Directions :: Once the line with "Baby Steps And" has been located in the records below, set down that line and all subsequent lines exactly, omitting the pictures.

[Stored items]
══════

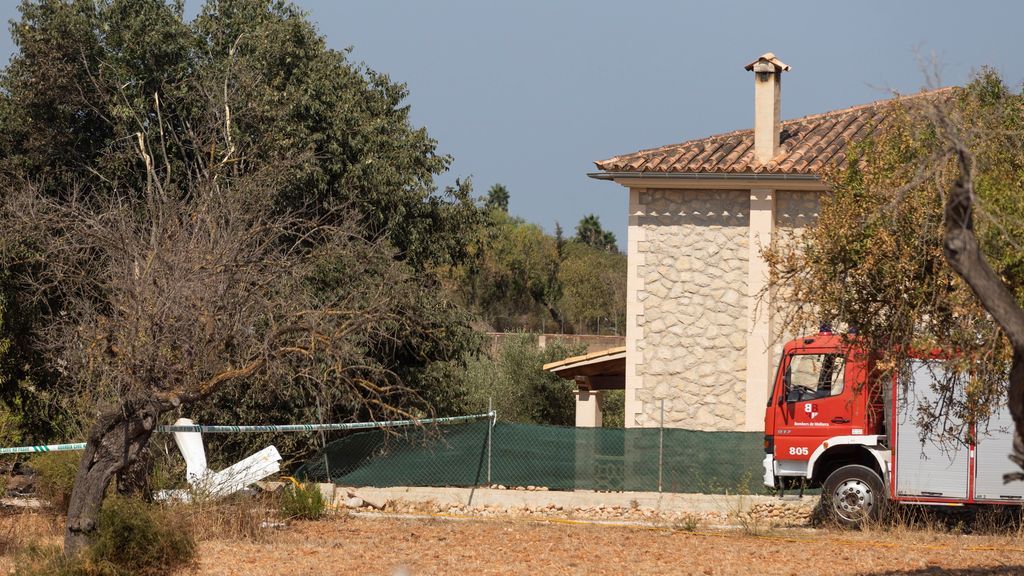 El accidente entre un helicóptero y un ultraligero en Mallorca, en imágenes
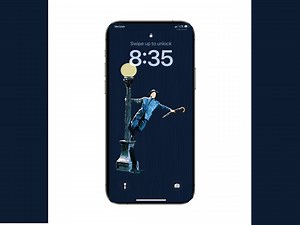 Singin' in the Rain iPhone Wallpaper, Gene Kelly, Midnight Blue, Classic Film Phone Background, Musical Theatre Wallpaper - Etsy Canada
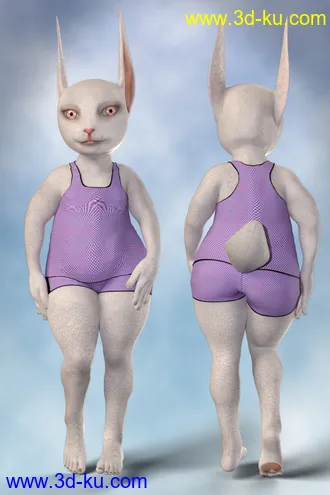3D打印模型Storybook Rabbit for Genesis 8 Female的图片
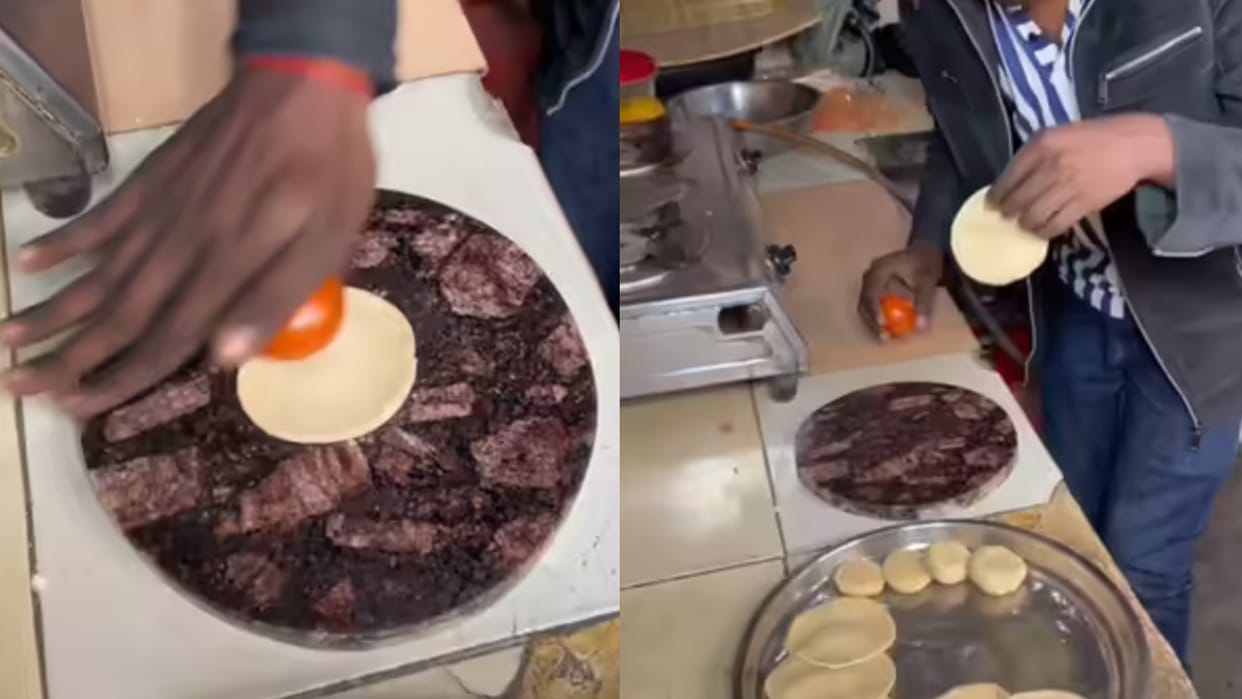 Boy Use Tomato To Make Round Poori In Jugaad Video Viral news in hindi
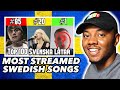 AMERICAN REACTS To Top 100 Största Svenska Låtarna Genom Tiderna (på Spotify)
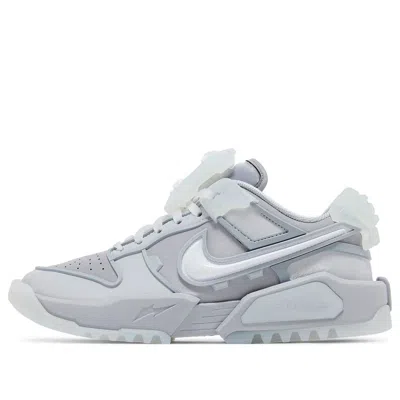 Nike X Rtfkt Clone X Dunk Genesis Low 'white Silver' In Gray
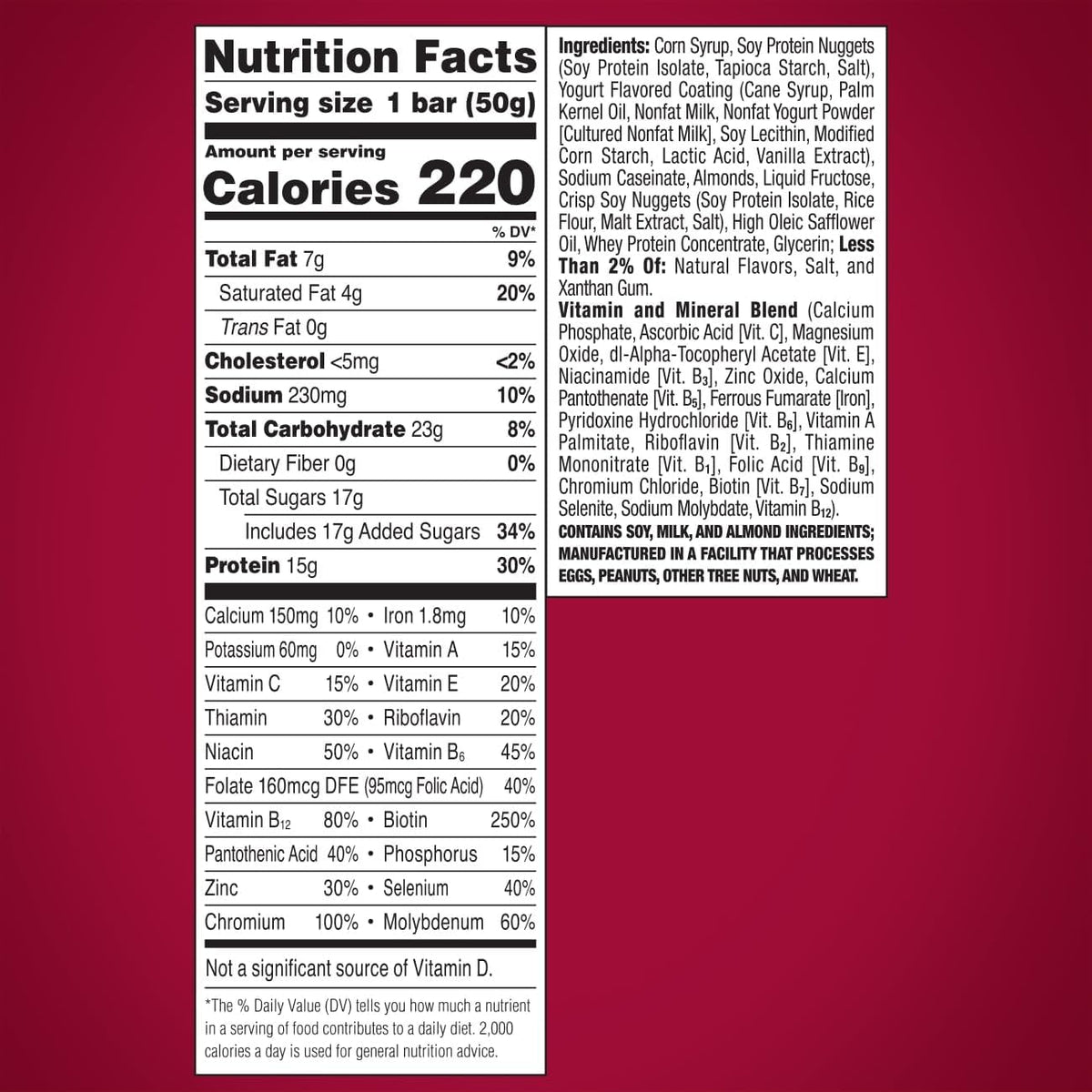 Cinnamon Roll Protein Bars, 12 Count N5223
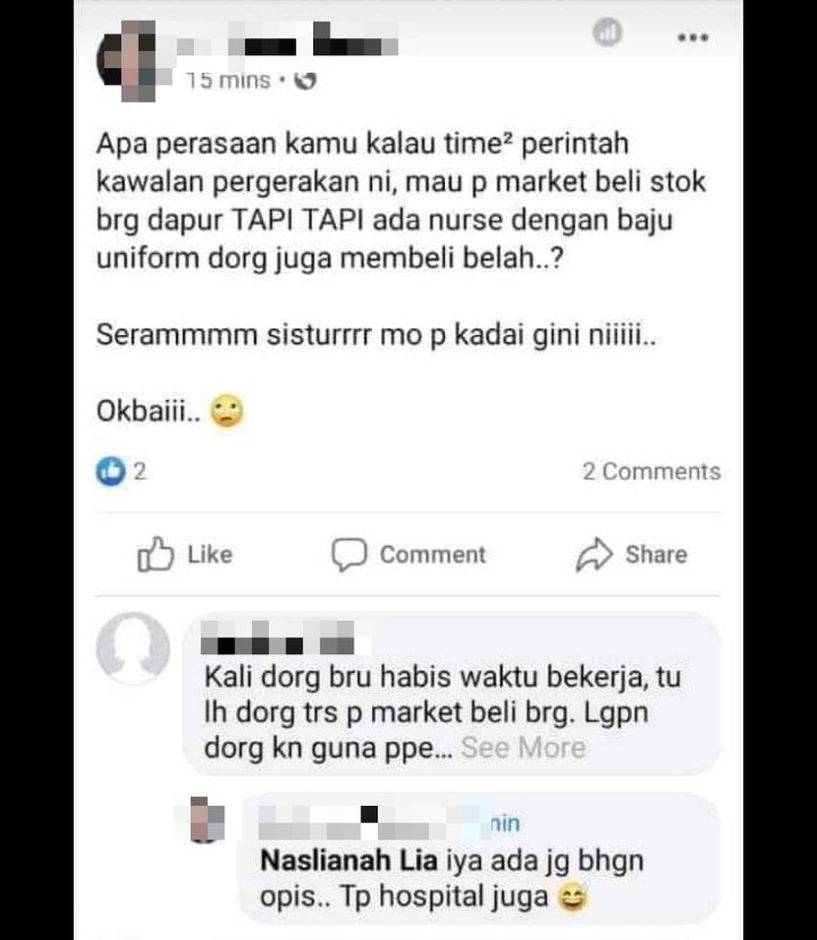 Nurse Kongsi Kisah Sedih Dipandang Jijik Di Stesen Minyak Dianggap Bawa Kuman Jika Ke Tempat Awam Aiyo Jangan Bawa Kotor Kotor Viral Mstar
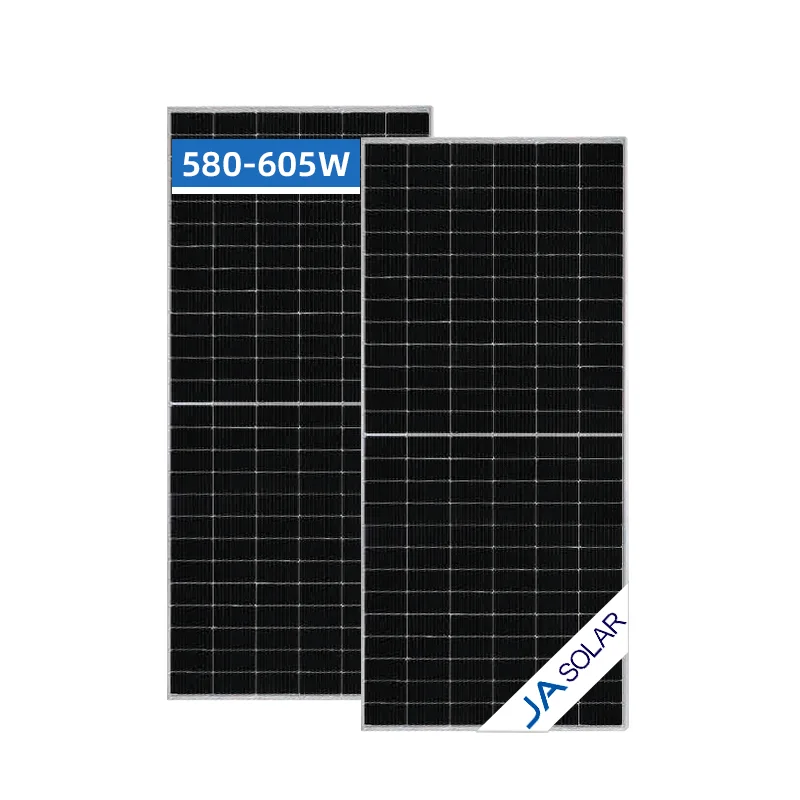 

Tier 1 Ja Solar Panels Mono Half Cell 11BB Perc Solar Cells 580w 585w 590w 595w 600w Solar Panels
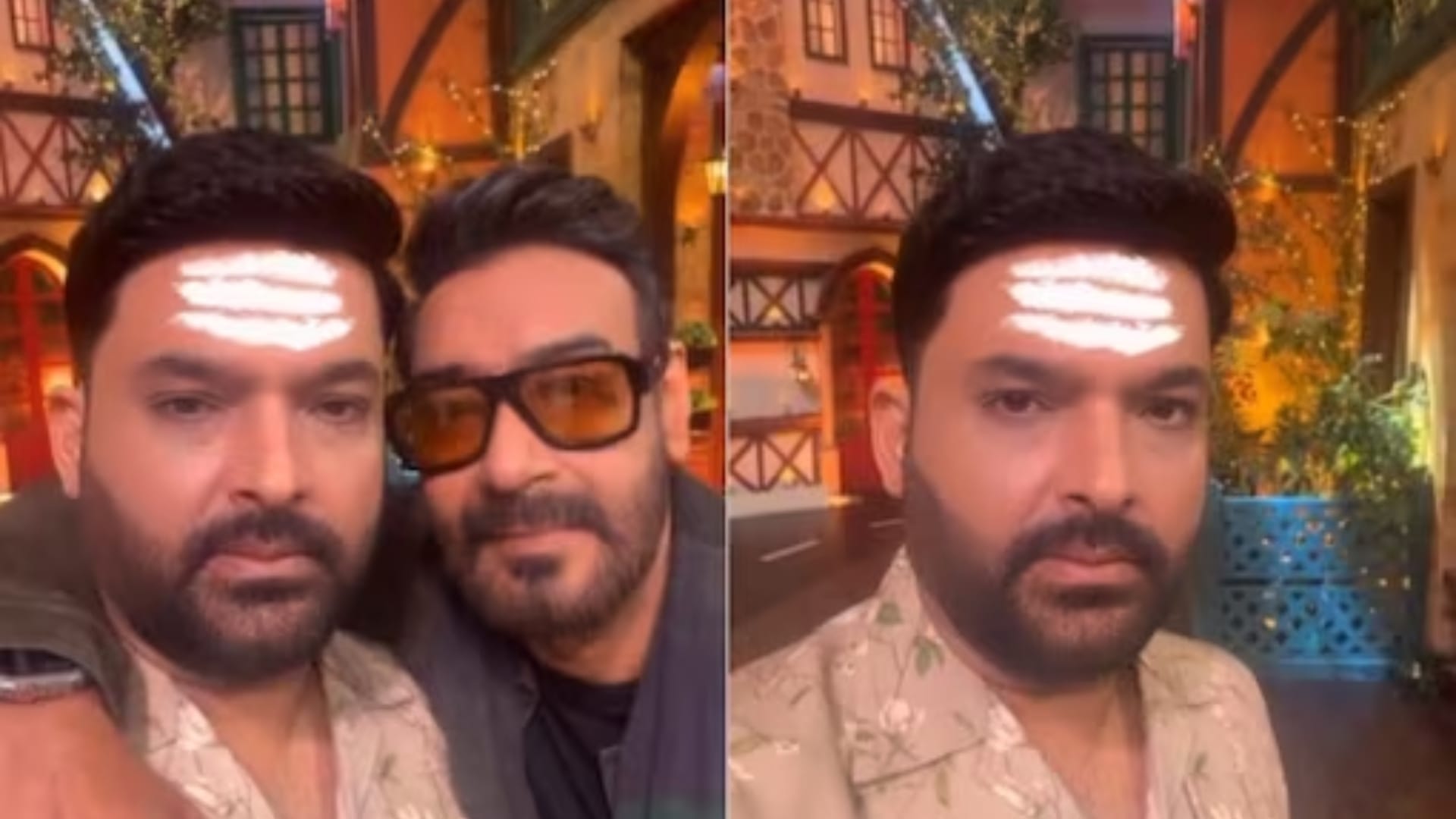 Kapil Sharma mocks Ajay Devgan And tabu at promotion of Bhola film in The Kapil Sharma Show video viral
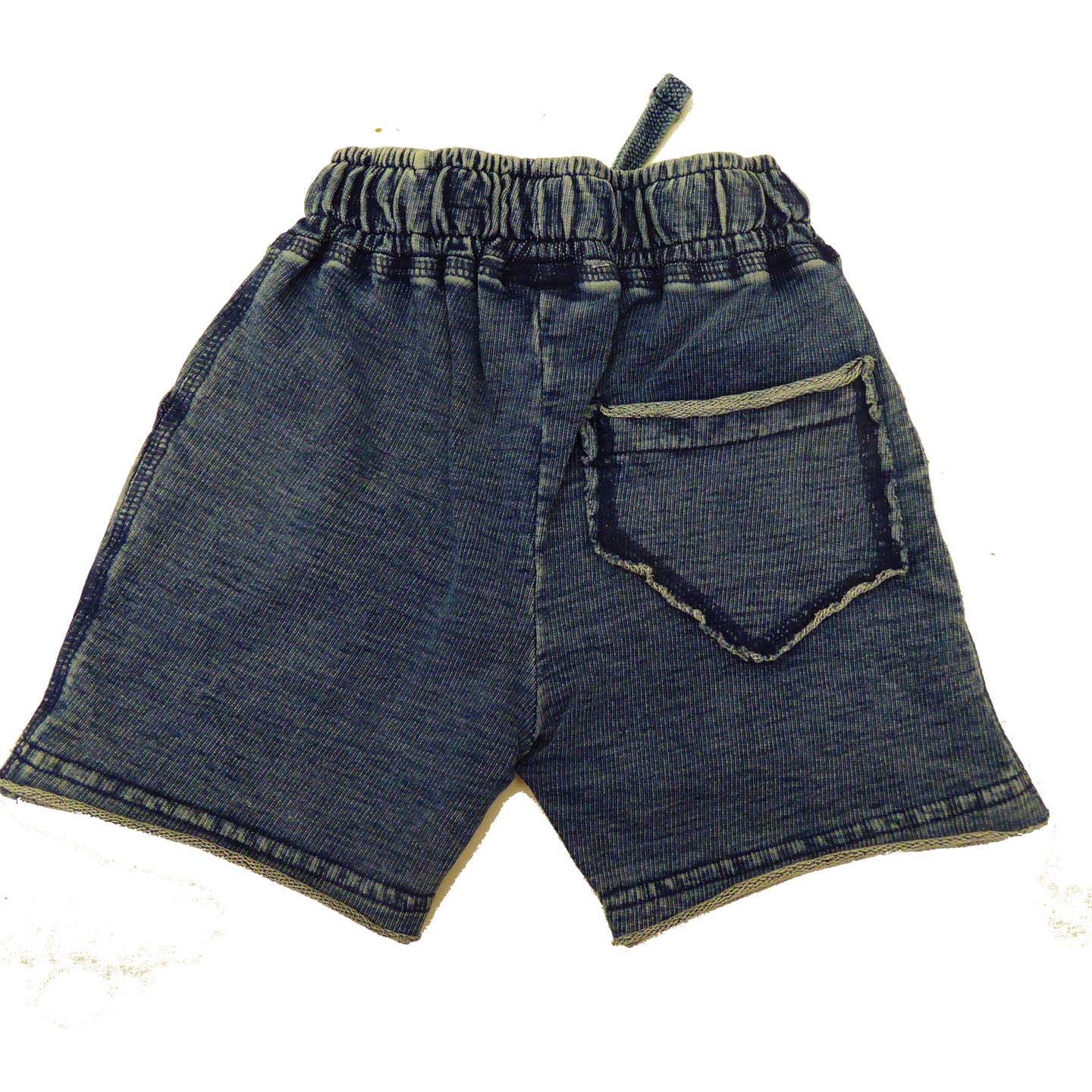 Baby Steps And Mish Kids Kids Enzyme Shorts - Dark Denim Back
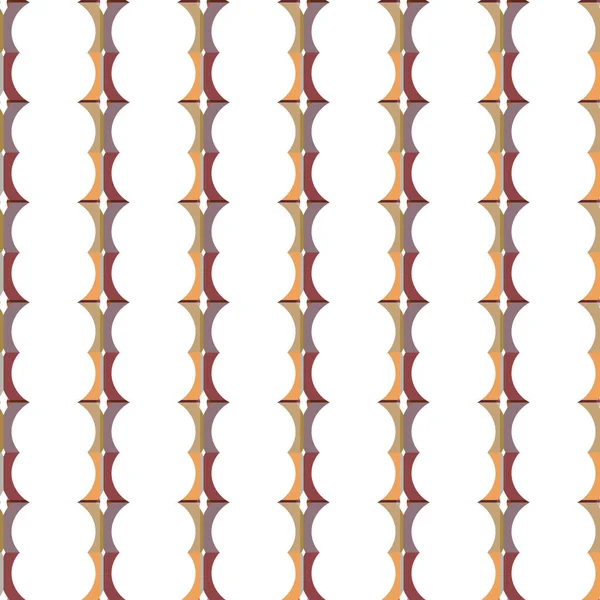 Fondo Abstracto Ilusión Filmación Con Patrón Ornamental Geométrico Sin Costuras — Archivo Imágenes Vectoriales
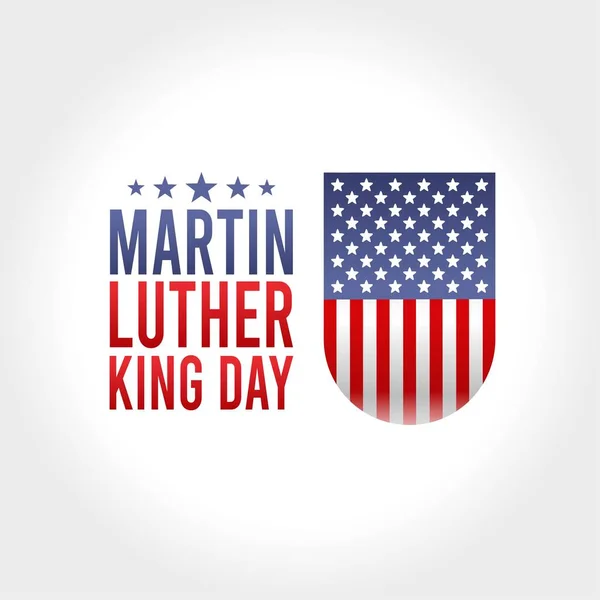 Martin Luther King Day Vector Illustration Conveniente Para Cartel Bandera — Archivo Imágenes Vectoriales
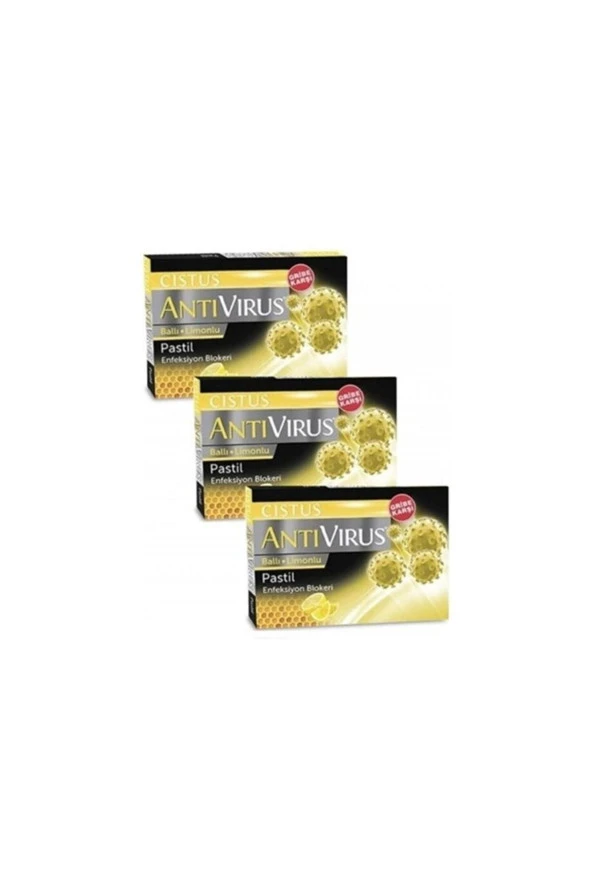 Antivirus Ballı Limonlu Pastil 10 Adet 3'lü Set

══════

Your solution ::
 Baby Steps And Mish Kids Kids Enzyme Shorts - Dark Denim Back
 Fondo Abstracto Ilusión Filmación Con Patrón Ornamental Geométrico Sin Costuras — Archivo Imágenes Vectoriales
 Martin Luther King Day Vector Illustration Conveniente Para Cartel Bandera — Archivo Imágenes Vectoriales
 Antivirus Ballı Limonlu Pastil 10 Adet 3'lü Set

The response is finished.